Foundation of radiotherapy.

1898

Discovery of radium

Provided another source of ionizing radiation for treatment.

1899

Successful skin cancer treatment with X-rays

First documented successful cancer treatment using radiation.

1915

Cervical cancer treatment with radium implant

Introduction of brachytherapy (internal radiation therapy).

1922

Cure of laryngeal cancer with X-ray therapy

Demonstrated curative potential of external beam radiotherapy (EBRT).

1928

Roentgen defined as radiation exposure unit

Standardized radiation measurement.

1934

Dose fractionation principles proposed

Crucial development for optimizing treatment and minimizing side effects.

1950s

Radioactive cobalt teletherapy (1MV energy)

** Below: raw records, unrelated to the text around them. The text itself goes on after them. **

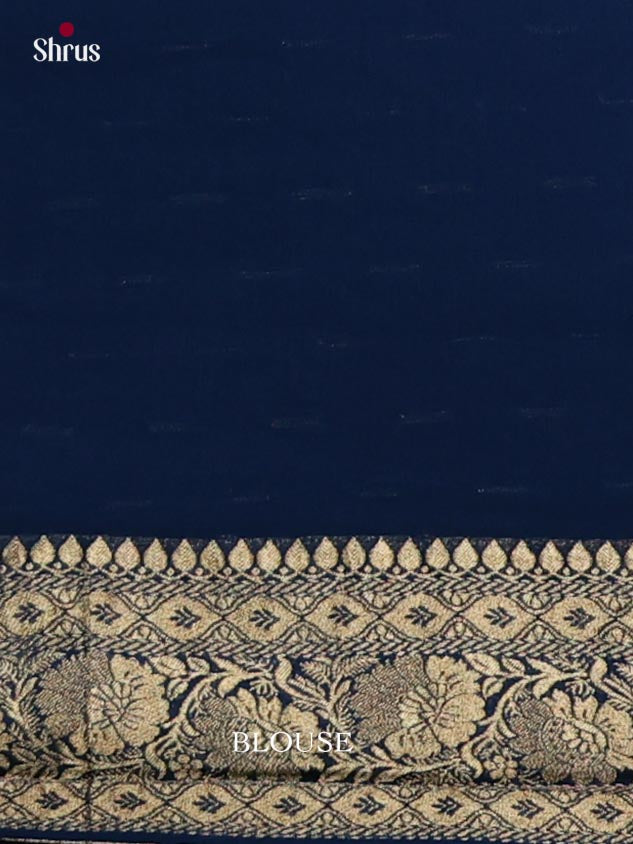 Banarasi Saree - EJ16180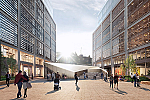 Managed Offices Curtain Road Shoreditch EC2A  812-4.png
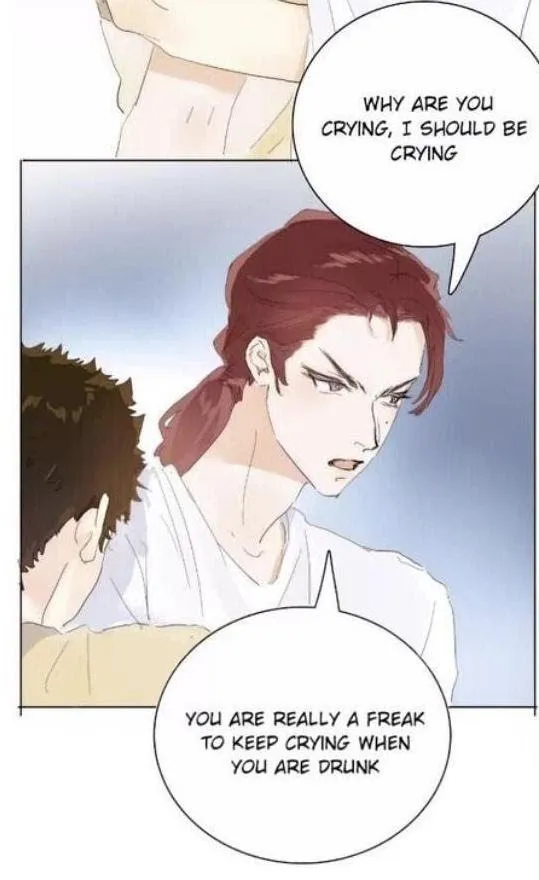 Men’s Wear Store and Her Royal Highness - Chapter 169 Page 27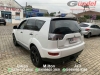 OUTLANDER 2.4 4X4 16V 4P AUTOMÁTICO - 2011 - CANDELáRIA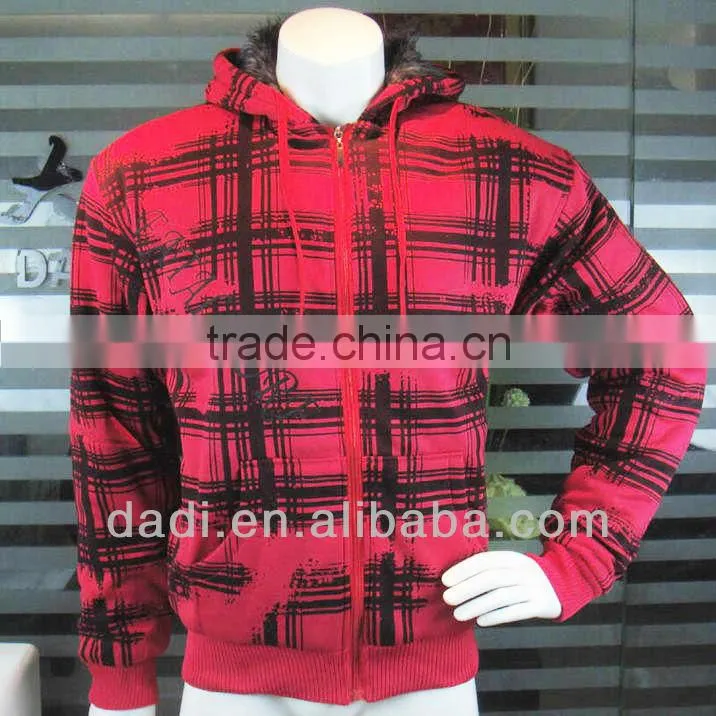 1013A stocklot garment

Advancement in technology for delivering radiation.

1960s

Megavoltage X-rays from linear accelerators

Significant improvement in radiation delivery precision and depth.

1990s

3D radiotherapy planning

Enhanced precision in targeting tumors.

2000s

IMRT, IGRT, Stereotactic radiotherapy

Advanced techniques for highly precise and targeted radiation delivery.

III. Mechanism of Action

  • Energy Absorption: X-rays passing through tissue cause ionization of molecules, producing fast-moving electrons and free radicals.
  • DNA Damage: The most crucial biological effect is DNA damage, including double-strand breaks. This damage leads to cell death, particularly in rapidly dividing cancer cells.
  • Unit of Dose: Gray (Gy) - energy absorbed per unit mass (J/kg).

IV. Fractionated Radiotherapy

  • Principle: Delivering radiation in small, daily doses (fractions) over several days or weeks.
  • Benefits:
    • Preferential sparing of normal tissue: Allows higher total doses to be safely administered.
    • Increased cancer cell kill: While minimizing damage to healthy tissue.
  • Mechanism: Allows normal tissue repair between fractions, while cancer cells, which often have impaired repair mechanisms, accumulate damage leading to their death.